BY ERIKA BUTLER, firstname.lastname@example.org
5:20 PM EDT, September 27, 2012
Sheriff Jesse Bane was on his way home recently, driving into his neighborhood, when a "kid" on a scooter was heading straight toward him in the middle of the road.
Bane stopped, and the person on the scooter pulled to the side of the road. Bane started driving again, and as he did, the person on the scooter started to drive across the street to catch up with a friend.
"I nearly hit him," Bane said. "Then I scared him half to death when he saw I was a deputy sheriff."
Drivers of the scooters such as the one being ridden recently in Bane's Fallston neighborhood will come under closer scrutiny beginning Monday, Oct. 1, when new state laws regarding their use go into effect.
Anyone driving a motor scooter or moped, which may not be driven on roads where the speed limit is more than 50 mph, must have a title for the equipment and the decal must be displayed on it, as well as insurance, and carry proof of insurance with them.

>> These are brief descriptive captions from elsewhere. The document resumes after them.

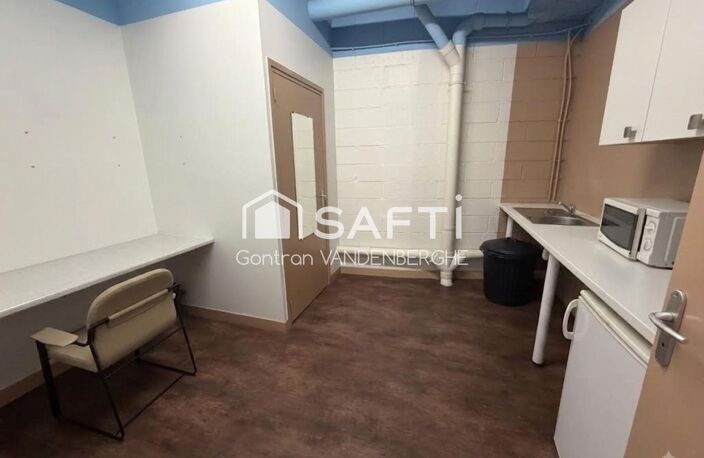Lille - Vieux-Lille : Local d'exception 315 m² plain-pied (Toutes activités) — photo 4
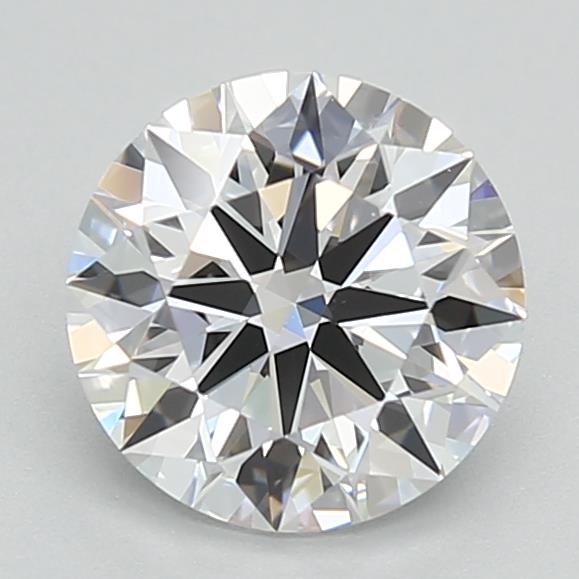 1.22 ct. round Lab Grown Diamond front image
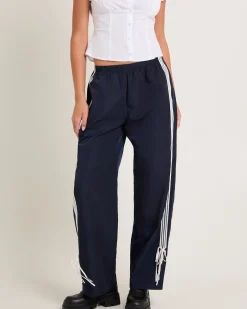 Stripe Sports Pants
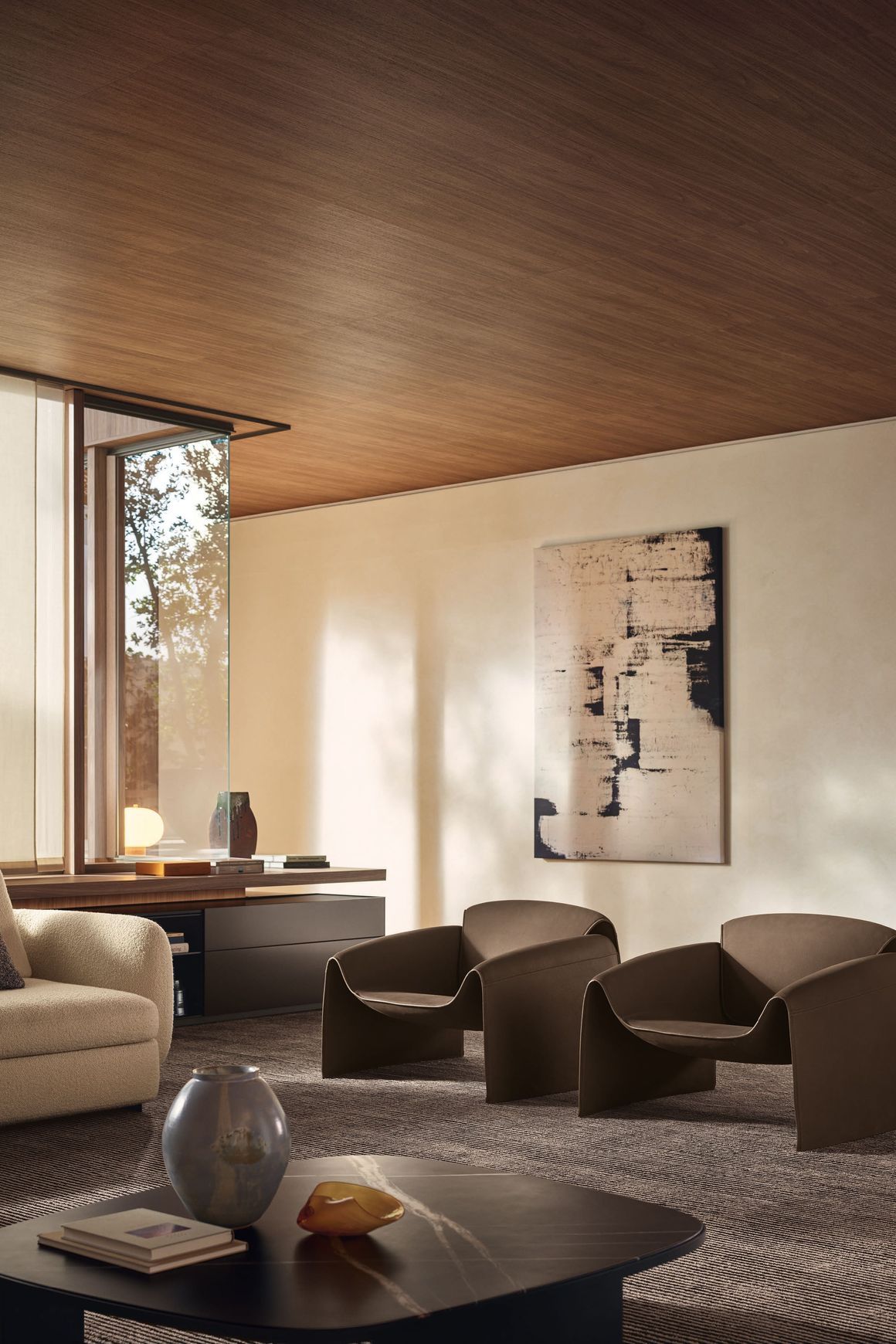 Le Club Armchair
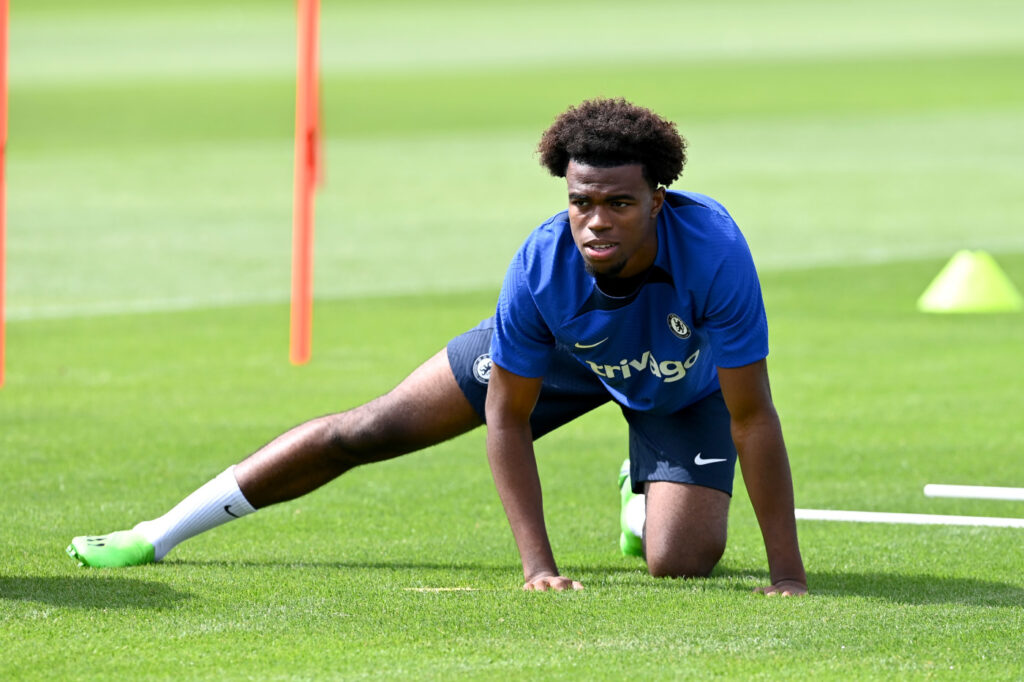 DAZ 3868 Chukwuemeka Will Prove His Worth At Chelsea Next Season –Madueke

Drivers will also have to wear protective head and eye gear.
Motor scooters, which are strictly motorized, and mopeds, which can be operated with pedals, have become a problem in Harford County, the sheriff said.
"Kids are riding these vehicles on the street, some on highways that have speeds of 50 to 55 mph. Why should we look out for the interest of people on motorcycles and ignore motor scooters?" Bane said. "They are subject to the same danger as anyone else – fatalities, injuries – as any other vehicle, when they're put on the road."
Drivers of such vehicles don't pay attention to other drivers, or to the rules of the road, the sheriff said, and they're often weaving in and out of traffic and in the middle of the lane, causing hazards for larger vehicles.
"Scooters started out as a fad, you saw one or two. Now they're everywhere," Lt. Michael Wann, commander of the Maryland State Police Bel Air Barrack, said. "Eventually, we will have a serious crash. This may slow down a number of scooters you see out there."
Existing scooter and moped owners will not have to pay to have their transportation titled, Bane said, and they will have a year to get it. The title fee will only apply to new equipment, which must be titled before it can be on the road.
Sheriff's deputies will be looking closely for the illegal scooters and mopeds and issue the applicable citations, Bane said. In some instances, the vehicles will have to be towed, because if a vehicle doesn't have a title, it can't be on the road.
"Parents will have to get the vehicle, and pay the tow and insurance bill – which would not be cheap," Bane said.
Scooter and moped drivers who do follow the rules of the road won't be penalized, Bane said.
"There are responsible moped riders, a lot of them," Bane said. "Other than a title and insurance card, there's not going to be a big shakeup for them. They don't need a law to tell them the dangers."